Let the Right One In (2008)
directed by Tomas Alfredson
rating: 4 out of 5 cravats
on DVD from Netflix

What I'd feared would be an all-too taxing allegorical meditation on childhood did a lot more than just try on The Spirit of the Beehive as a vampire story. The kids behave like children, not as much of a surprise with the boy as the girl, who has too many ageless 12-year olds behaving like adults to live down. She does, though, and though she insists she's not a girl, she is. As with any great vampire movie, this one has nice takes on the classic tropes - namely, the need to invite a vampire into your home each time the beast comes calling (as opposed to once); what happens when a vampire does enter uninvited; and what a roomful of scared animals will do to Nosferatu when they have the numbers to do more than hiss and run away. Nothing comes close to the climax, though, as clean and elegant a sequence of vengeful violence as anything not shot in slow motion can be. The coda, which invites such cynicism about the tender events which came before, seals the deal: one of the best horror movies in years.

Tuesday, October 20, 2009

With My Heroine and Eric Rohmer's Fighting Skills, We Can...

Drag Me to Hell (2009)
directed by Sam Raimi
rating: 3 out of 5 cravats
on DVD from Netflix

A good candidate for a future revision of Los Angeles Plays Itself - "Not even branch manager David Paymer could afford the monthly payments on the house in Echo Park that Alison Lohman's tormentor tears to shreds" - Drag Me to Hell is what the murdered pets call "good fun." Special effects have gotten worse in the last twenty-eight years, but Sam Raimi could sell regurgitated embalming fluid to a socialite, so let him sell a haunted handkerchief to me. Horror movies, even more than romances, should always have women as their heroes. No one makes a muddy, flooded burial plot look better, and no one else can convincingly muster the requisite fearlessness needed to defend powder blue coats and pale yellow sundresses against the everyday endings that make the course of life so sad. That would re-write The Evil Dead, of course, but a man like Bruce Campbell can always find his way in the world.

Sunday, October 18, 2009

Put Me in a Boat and Sink It

Where the Wild Things Are (2009)
directed by Spike Jonze
rating: 2 out of 5 cravats
seen on the screen at the Manor Theatre

What a disappointment. This really did feel like a project that had been in development for five years, and not at all the oddity I expected from the director of Adaptation. It's obvious Spike Jonze likes Chris Cooper, or he wouldn't have used him in two films. I like Chris Cooper, too, but the only thing any of the funny actors who surround Max in hairy costumes get to do is read back glib platitudes about Dave Eggers' youth ("I'm sad" or "I don't understand") that say nothing - nothing! - about the precarious years that Max is going through. The title screen, knocking a pair of owls from the sky, and the hero hiding in someone's stomach are the only moments that reminded me of Spike of Old, and that's a shame. You can, as always, learn more about "the loneliness of childhood" by actually enjoying yourself at a movie. Scratching Karen O for the Animals' "Wild Thing" might have been a good place to start.

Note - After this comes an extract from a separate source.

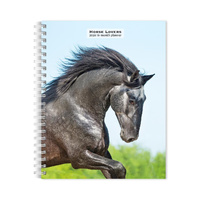 2026 16-Month Planner Horse Lovers Monthly/Weekly, BrownTrout BT03692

Saturday, October 17, 2009

There is Only Beauty Here

I Walked with a Zombie (1943)
directed by Jacques Tourneur
rating: 5 out of 5 cravats
on DVD from the vaults

The "mother who cares too much about her sons" routine doesn't have to come from Hitchcock, doesn't have to be shrill, and can even seem mysterious in the wake of the movie's central revelation. What would the zombie really have done if Wesley hadn't fled into the sea? After all, we never see Carrefour kill someone. And isn't it, in fact, Carrefour walking beside Betsy along the beach of the opening credits?

Like The Man Who Shot Liberty Valance, I Walked with a Zombie is smarter about race relations than most movies made today, although it superficially looks like the worst kind of exoticism (jungle drums, the shadows of black men on the bedroom walls of sleeping white women, superstitious maids). The West Indies island where the drama plays out is steeped in hatred and oppression; everyone Betsy encounters, from the carriage driver to Sir Lancelot, tells her so. Sir Lancelot, the calypso singer with the funny name, is - like Hoagy Carmichael in Canyon Passage - the avatar of menace in the picture's dreamy tropical spell.

The magic at work is like nothing else in the movies, unless another horror film like The Fog or The Beyond, though this has romance that must operate at the register of life and death to try and succeed. Maybe it doesn't; maybe Betsy needs her Ottawa winters again. One never finds out in 70 minutes, but the time couldn't be spent better.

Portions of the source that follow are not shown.